Ciphertracecrypto crimeDeFi securitysmart contract exploitrug pull

Ciphertrace, a leading blockchain analytics company, has published its latest “Cryptocurrency Crime and Anti-Money Laundering Report,” revealing a significant pivot of crypto-related crime toward decentralized finance (DeFi) protocols. The report, which covers data from the first four months of 2021, provides a detailed picture of how the landscape of crypto crime has evolved compared to the previous year.

DeFi Takes Center Stage in Crypto Crime

Overall, the cryptocurrency sector has become more secure, with only $432 million stolen through illegal activities during the period. This projection is far lower than the $1.9 billion that Ciphertrace recorded for the entirety of 2020. However, the decrease in total losses masks a troubling trend: attacks are increasingly targeting the DeFi ecosystem, which is more vulnerable to exploits.

DeFi-related scams and exploits accounted for $156 million in losses during the study period, already surpassing the total for all of 2020. This surge is closely tied to the rapid growth of DeFi, which now consumes more than a third of all Ethereum activity. Scammers find end-users more susceptible due to the exploitability of smart contracts and the prevalence of “rug pulls,” where developers maliciously alter protocol logic to steal user funds.
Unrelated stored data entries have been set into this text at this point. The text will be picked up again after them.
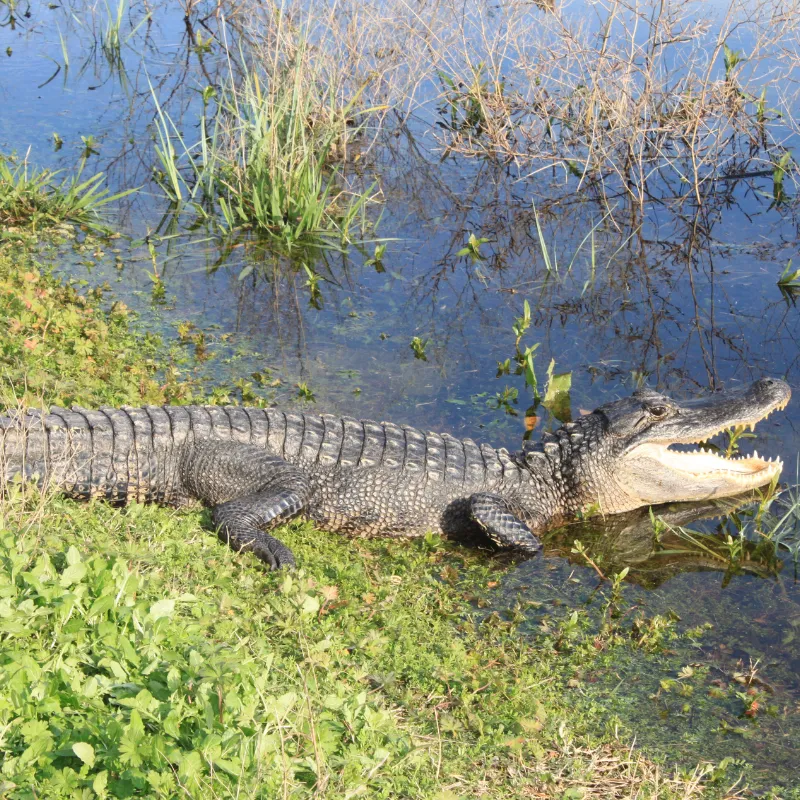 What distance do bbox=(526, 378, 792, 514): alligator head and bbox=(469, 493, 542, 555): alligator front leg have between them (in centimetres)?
53

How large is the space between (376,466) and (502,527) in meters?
0.77

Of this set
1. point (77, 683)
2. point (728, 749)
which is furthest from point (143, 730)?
point (728, 749)

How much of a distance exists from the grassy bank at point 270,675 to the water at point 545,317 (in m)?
0.44

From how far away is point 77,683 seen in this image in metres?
2.51

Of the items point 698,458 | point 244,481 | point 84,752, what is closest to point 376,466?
point 244,481

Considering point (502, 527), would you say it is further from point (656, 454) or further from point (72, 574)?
point (72, 574)

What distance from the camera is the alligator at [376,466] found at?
180 inches

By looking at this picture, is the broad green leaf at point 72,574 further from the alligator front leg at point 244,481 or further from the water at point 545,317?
the water at point 545,317

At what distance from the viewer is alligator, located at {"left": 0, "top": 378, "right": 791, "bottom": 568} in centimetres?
457

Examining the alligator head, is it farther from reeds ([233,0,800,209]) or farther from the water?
reeds ([233,0,800,209])

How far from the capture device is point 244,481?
15.7ft

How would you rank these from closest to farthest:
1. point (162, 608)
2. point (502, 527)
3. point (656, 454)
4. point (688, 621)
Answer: point (162, 608) → point (688, 621) → point (502, 527) → point (656, 454)

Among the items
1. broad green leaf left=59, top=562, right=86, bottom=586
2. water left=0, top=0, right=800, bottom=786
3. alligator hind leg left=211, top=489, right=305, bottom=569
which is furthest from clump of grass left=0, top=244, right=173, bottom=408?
broad green leaf left=59, top=562, right=86, bottom=586

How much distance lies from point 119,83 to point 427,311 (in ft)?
20.8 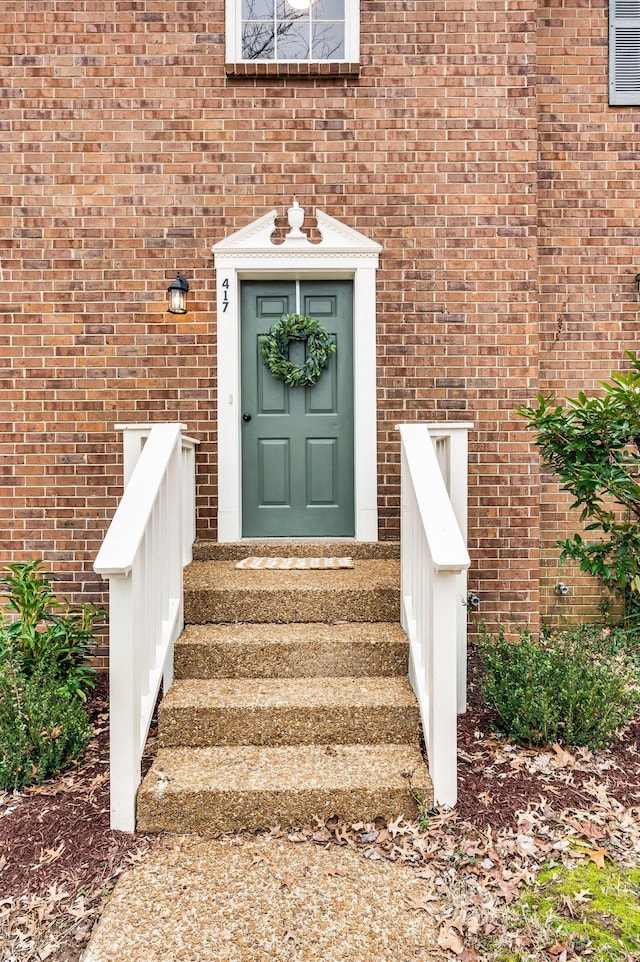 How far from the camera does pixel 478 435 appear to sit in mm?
4285

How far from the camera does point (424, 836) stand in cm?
233

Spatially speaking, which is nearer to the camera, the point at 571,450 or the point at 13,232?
the point at 571,450

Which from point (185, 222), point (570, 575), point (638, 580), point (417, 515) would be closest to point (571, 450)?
point (638, 580)

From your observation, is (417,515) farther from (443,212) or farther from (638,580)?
(443,212)

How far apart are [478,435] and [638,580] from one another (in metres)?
1.46

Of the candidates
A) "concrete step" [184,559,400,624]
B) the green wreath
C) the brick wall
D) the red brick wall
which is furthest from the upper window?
"concrete step" [184,559,400,624]

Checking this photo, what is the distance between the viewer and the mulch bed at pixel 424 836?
201 centimetres

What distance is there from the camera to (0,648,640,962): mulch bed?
6.58 feet

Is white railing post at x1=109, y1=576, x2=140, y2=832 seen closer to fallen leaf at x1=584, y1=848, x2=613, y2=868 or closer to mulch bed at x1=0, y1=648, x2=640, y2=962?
mulch bed at x1=0, y1=648, x2=640, y2=962

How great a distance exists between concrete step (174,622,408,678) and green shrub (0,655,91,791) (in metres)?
0.57

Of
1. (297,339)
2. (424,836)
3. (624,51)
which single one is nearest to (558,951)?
(424,836)

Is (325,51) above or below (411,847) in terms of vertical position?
above

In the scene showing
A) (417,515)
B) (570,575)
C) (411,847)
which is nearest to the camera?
(411,847)

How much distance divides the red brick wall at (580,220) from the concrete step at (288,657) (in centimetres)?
218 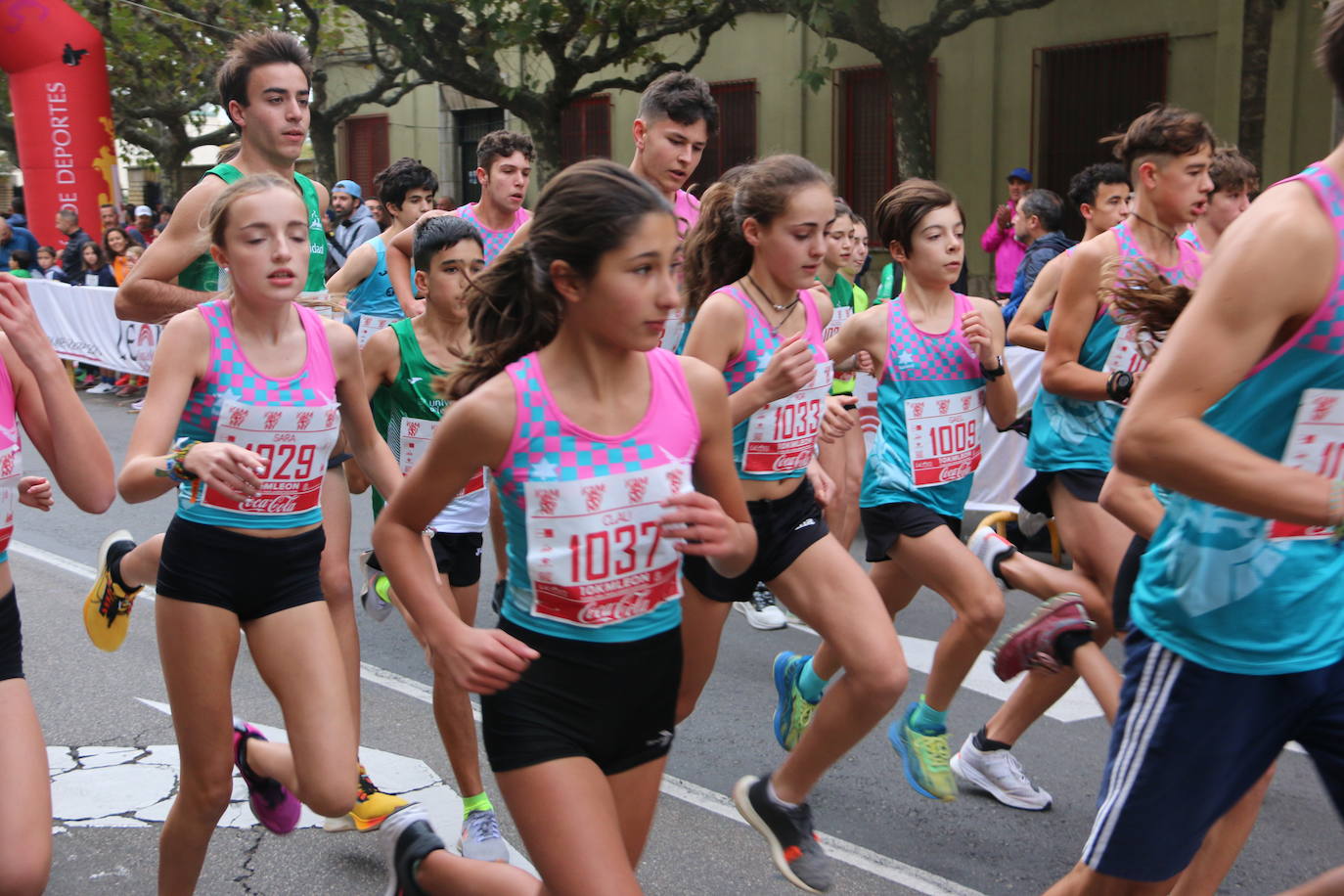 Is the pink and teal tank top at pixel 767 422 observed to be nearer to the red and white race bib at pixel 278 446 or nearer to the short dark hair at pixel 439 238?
the short dark hair at pixel 439 238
High-Profile DeFi Attacks: PAID, EasyFi, and Meerkat

The Ciphertrace report lists several major DeFi security incidents. The largest was the PAID Network exploit, which allowed hackers to mint $150 million worth of tokens. The project acknowledged the breach, pulled liquidity, and minted a new token, but PAID lost more than 85% of its value, devastating all holders.

Another significant incident involved EasyFi, a Polygon-based DeFi protocol that lost $80 million due to a security vulnerability. Hackers stole private keys from the computer of a team member. Additionally, the Meerkat Finance case, suspected to be a coordinated rug pull, resulted in the theft of $31 million worth of BNB after the team modified the logic of its smart contract.

Outlook: Growing Risks in a Booming Sector

As the DeFi sector continues to acquire more relevance in the crypto industry, these hacks and exploits are likely to persist and potentially escalate in scale and sophistication. Ciphertrace emphasizes the need for enhanced smart contract auditing, improved user education, and clearer regulatory guidelines to mitigate risks. While overall crypto crime dropped in 2021, the shift toward DeFi represents a new and dangerous frontier that demands urgent attention from developers, investors, and regulators alike.